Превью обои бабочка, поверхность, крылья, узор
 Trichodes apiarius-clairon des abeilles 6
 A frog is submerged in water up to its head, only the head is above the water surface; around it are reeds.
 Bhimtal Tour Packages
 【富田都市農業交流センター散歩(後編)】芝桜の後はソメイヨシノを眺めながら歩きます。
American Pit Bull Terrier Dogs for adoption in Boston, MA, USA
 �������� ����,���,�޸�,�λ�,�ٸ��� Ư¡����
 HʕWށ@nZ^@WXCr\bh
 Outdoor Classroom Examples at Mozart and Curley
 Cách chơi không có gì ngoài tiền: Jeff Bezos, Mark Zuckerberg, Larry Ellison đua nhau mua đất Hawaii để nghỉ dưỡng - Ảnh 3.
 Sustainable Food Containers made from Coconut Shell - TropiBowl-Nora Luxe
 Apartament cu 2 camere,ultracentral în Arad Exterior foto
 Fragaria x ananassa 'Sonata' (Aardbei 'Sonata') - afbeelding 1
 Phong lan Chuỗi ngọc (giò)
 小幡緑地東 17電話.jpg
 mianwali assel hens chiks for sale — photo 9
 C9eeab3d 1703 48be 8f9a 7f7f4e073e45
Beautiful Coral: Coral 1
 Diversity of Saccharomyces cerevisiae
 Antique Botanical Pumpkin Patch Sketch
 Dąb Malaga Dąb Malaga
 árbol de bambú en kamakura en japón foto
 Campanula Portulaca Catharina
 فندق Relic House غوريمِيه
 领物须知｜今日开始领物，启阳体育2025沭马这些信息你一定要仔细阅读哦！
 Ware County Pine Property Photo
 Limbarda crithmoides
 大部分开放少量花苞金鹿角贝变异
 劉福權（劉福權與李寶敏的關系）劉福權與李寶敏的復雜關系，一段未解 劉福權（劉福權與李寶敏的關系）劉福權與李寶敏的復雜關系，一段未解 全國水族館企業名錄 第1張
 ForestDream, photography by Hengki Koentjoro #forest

→ **PROBLEM STATEMENT**
Scan the preceding records line by line, and state how many lines contain "foto". Nothing else belongs in the answer.

→ **OUTPUT BELOW**
2